Turkish football mourns loss of Lefter Küçükandonyanis
ISTANBULThousands of football fans packed into Istanbul’s Şükrü Saracoğlu Stadium yesterday to pay a final tribute to the legendary Lefter Küçükandonyadis.
Fenerbahçe icon Lefter, nicknamed “Ordinaryüs” (distinguished professor), died from heart failure at the age of 86 on Jan. 13, much to the sorrow of millions of football fans in the country.
Yesterday, Şükrü Saracoğlu Stadium was filled with not only Fenerbahçe fans, but supporters of several other clubs, including the team’s fierce rivals, Galatasaray and Beşiktaş.
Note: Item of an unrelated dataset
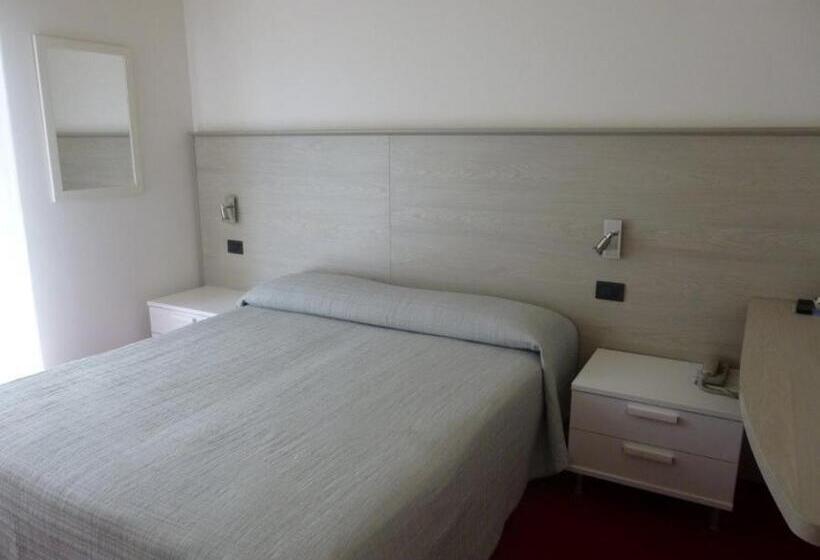 اتاق استاندارد با بالکن, Berenice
Fenerbahçe released a statement calling for “fans of all teams to come to Şükrü Saracoğlu” to pay their final dues to the football legend.
“Today we have fans with many different colors [of jerseys] in the stands,” Fenerbahçe Vice Chairman Ali Koç said at the ceremony yesterday. “Thanks to everyone who came here to share our pain. It is so good to have you all here.”
Apart from the Fenerbahçe board, Prime Minister Recep Tayyip Erdoğan, who is known as a Fenerbahçe supporter, Turkish Minister for EU Affairs Egemen Bağış and Istanbul deputy and former Galatasaray player Hakan Şükür were also present.
Some fans booed Erdoğan, who is not a popular figure among Fenerbahçe fans currently due to the ongoing match-fixing investigation that has especially focused on Fenerbahçe.
The investigation has seen Fenerbahçe Chairman Aziz Yıldırım and three other club members jailed pending trial and put the team’s 2011 Super League championship in doubt.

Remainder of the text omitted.